Can you talk us through the proposed attacks on the pensions?
There are different pension schemes in the public service. I’m on quite an old civil service scheme. From April 1, I have to pay 3.5% of my wages towards my pension, instead of 1.5% .This then goes up again in 2013 and once more in 2014 - all the while, the contribution of the employer remains the same.
Considering the low wages many people in the public service are on, this makes a massive difference. Also, this comes after a two-year pay freeze. And, with the threatened abolition of the national salary scale, it means most people in the public service who live outside the south-east will be hit by years of pay freezes to come. I will also have to work to 68 instead of 65. So, in a nutshell, we will not get pay rises in line with inflation, will pay more towards our pension, will have to work much longer, and in the end will get a smaller pension.

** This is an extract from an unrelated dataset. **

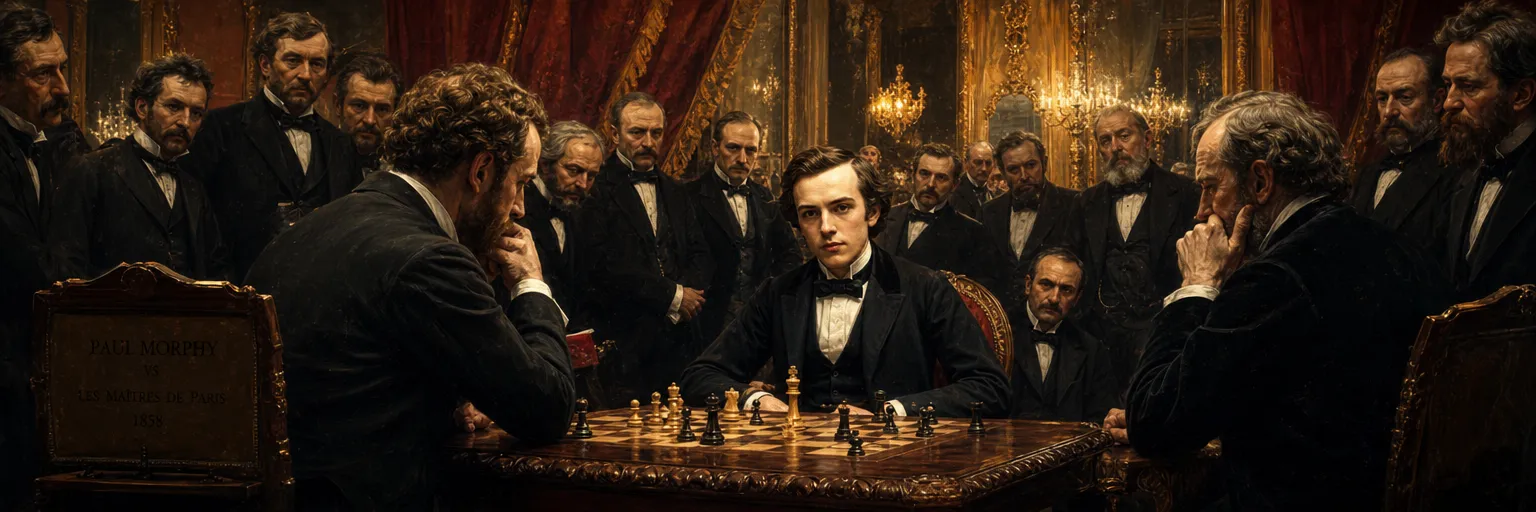 Paul Morphy di fronte ai più grandi giocatori europei del XIX secolo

Considering what’s at stake, why do you think the turnout in the PCS was so low?
Turnouts are generally quite low in most unions today. Only about 10% of PCS members vote in national elections. The main reason is the lack of rank-and-file organisation and the lack of shop stewards on the ground. Some members might have thought, ‘It’s only a consultation ballot’, but I don’t think that’s the main reason for the low turnout. We’re missing activists on the ground.
The main organisation within the PCS is Left Unity, which has over 1,000 members. The SWP is part of Left Unity but is tiny and irrelevant - the SP, which is far more dominant, give them a few seats on the NEC and that is it. Unfortunately, Left Unity is nothing more than an electoral machine. It does not even attempt to build a rank and file. Since the SWP closed down rank-and-file organisations in most unions in the late 70s and early 80s, their only interest is to have some of their members re-elected to various committees so that they can then look important.

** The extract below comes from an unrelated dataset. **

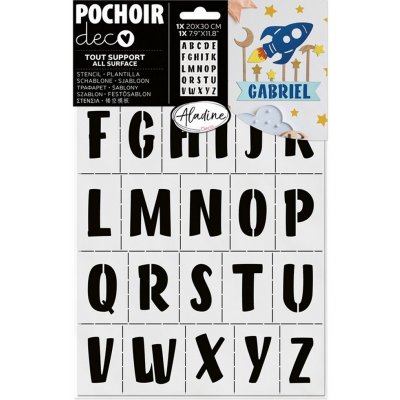 Aladine Šablona 20x30 cm Abeceda 2 – Zboží Dáma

And let’s not forget: in 2005, the SWP and the SP in PCS voted for the introduction of a two-tier pension scheme, as did Mark Serwotka. They justified their disastrous decision by claiming to want to protect the pensions of the existing members. Of course, once you make such a concession and allow new workers to get worse deals, it’s only a matter of time until they come for the existing deals. Some of us argued at the time that we should have stood our ground and not let the government divide us. But they all voted ‘yes’. And the current attacks on our pensions are partly the result of that sell-out.
Unfortunately, the left outside Left Unity has recently collapsed and is in no position to put up a fight. Because of the sectarianism of the Alliance for Workers’ Liberty, the Independent Left in the PCS has split and many members, including myself, left. The IL now consists mainly of members in London that are heavily influenced by the AWL. I predict that in a few years’ time, the AWL will be pushing to get back into Left Unity. Of course, now that the attempt to build an alternative to LU has failed, that could well be the right thing to do for all socialists.

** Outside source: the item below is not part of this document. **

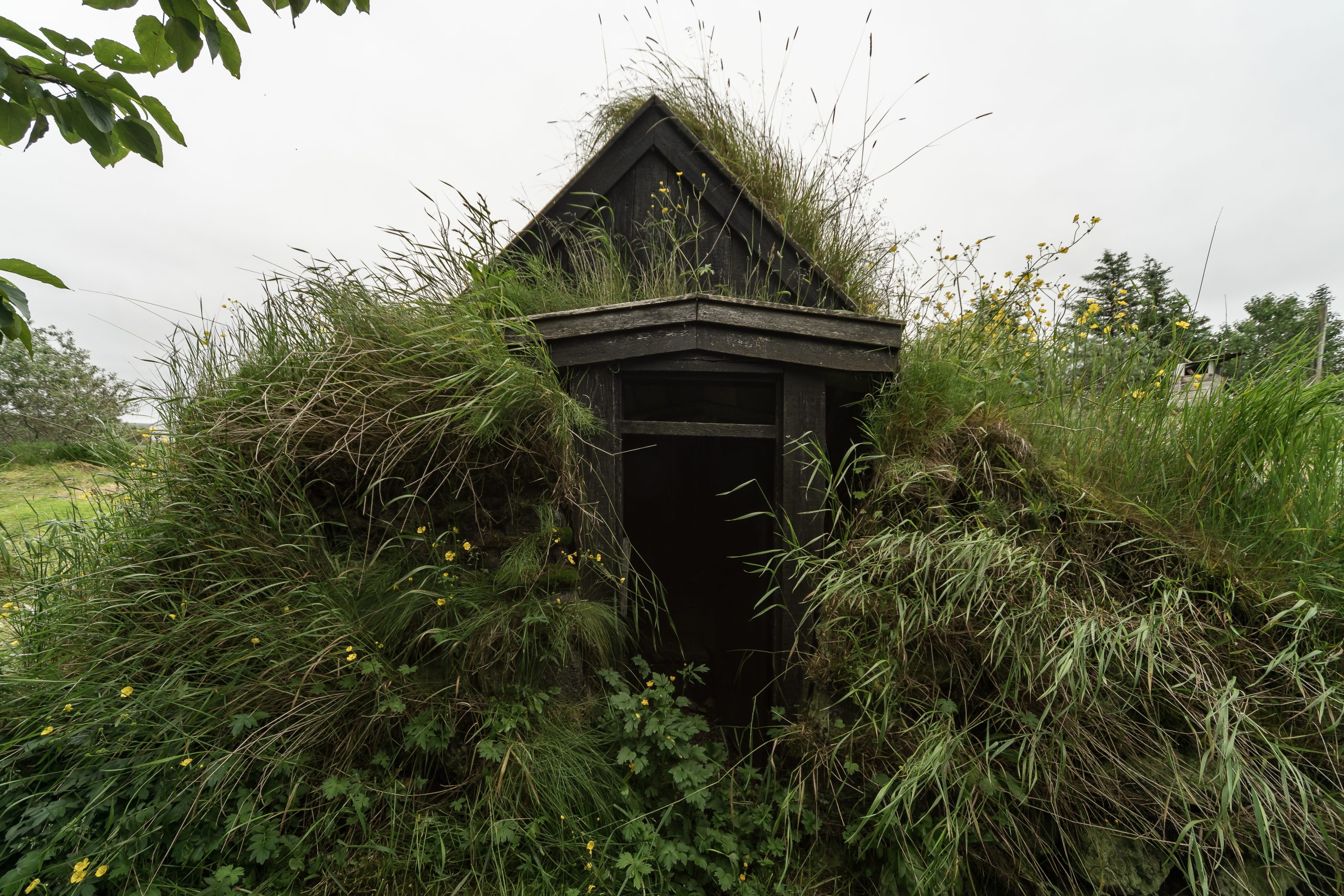 Architekturfotografie Turf House Íslenski Bærinn Austur-Meðalholt | Gerd Schaller | BAUWERK PERSPEKTIVEN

In November, more than 2.5 million people were on the streets - and there was a lot of talk of this being the ‘beginning of the fightback’. In hindsight, it seems that in reality it was the end of it.
It puzzles me that so many people on the left still have illusions in the trade union bureaucracy. The leaders of the big unions don’t actually think they can defeat this assault, so they weren’t even trying. They were happy to take the ‘heads of agreement’ deal, which is slightly better for workers who retire within the next 10 years. That they would sell us out was obvious from the start. They will sell out their members as soon as they have the opportunity.
What I can’t get my head around is how naive or opportunist the SWP in particular have been in all this. They have been sucking up to the trade union bureaucracy all the way through. The platforms of their Unite the Resistance meetings were full of union bureaucrats and not once was there a critical word from the SWP that these are exactly the same people who have sold us out in the past and will do so again. They also quite explicitly argued against having rank-and-file speakers, for example, at their meetings in Sheffield. Only when the sell-out happens will they say, ‘Well, that was, of course, a possibility …’ But, as they have done nothing to prepare members for this outcome, massive disillusionment and demoralisation sets in.
Can this fight still be won?
We should continue to fight and push for national action - but without the NUT, our chances of winning are massively reduced, I have to admit. We urgently have to start considering other actions: the banning of overtime, for example. But also regional and departmental strikes. We need to keep the action rolling and let the government know that they can’t avoid disruption. It’s a kind of guerrilla warfare: we have to try to wear them down. That way, I think, it is still possible to win. And if not to win this time, at least to put a marker down for the next round of attack.
And to just barge in from that interview:
And let’s not forget: in 2005, the SWP and the SP in PCS voted for the introduction of a two-tier pension scheme, as did Mark Serwotka. They justified their disastrous decision by claiming to want to protect the pensions of the existing members. Of course, once you make such a concession and allow new workers to get worse deals, it’s only a matter of time until they come for the existing deals. Some of us argued at the time that we should have stood our ground and not let the government divide us. But they all voted ‘yes’. And the current attacks on our pensions are partly the result of that sell-out.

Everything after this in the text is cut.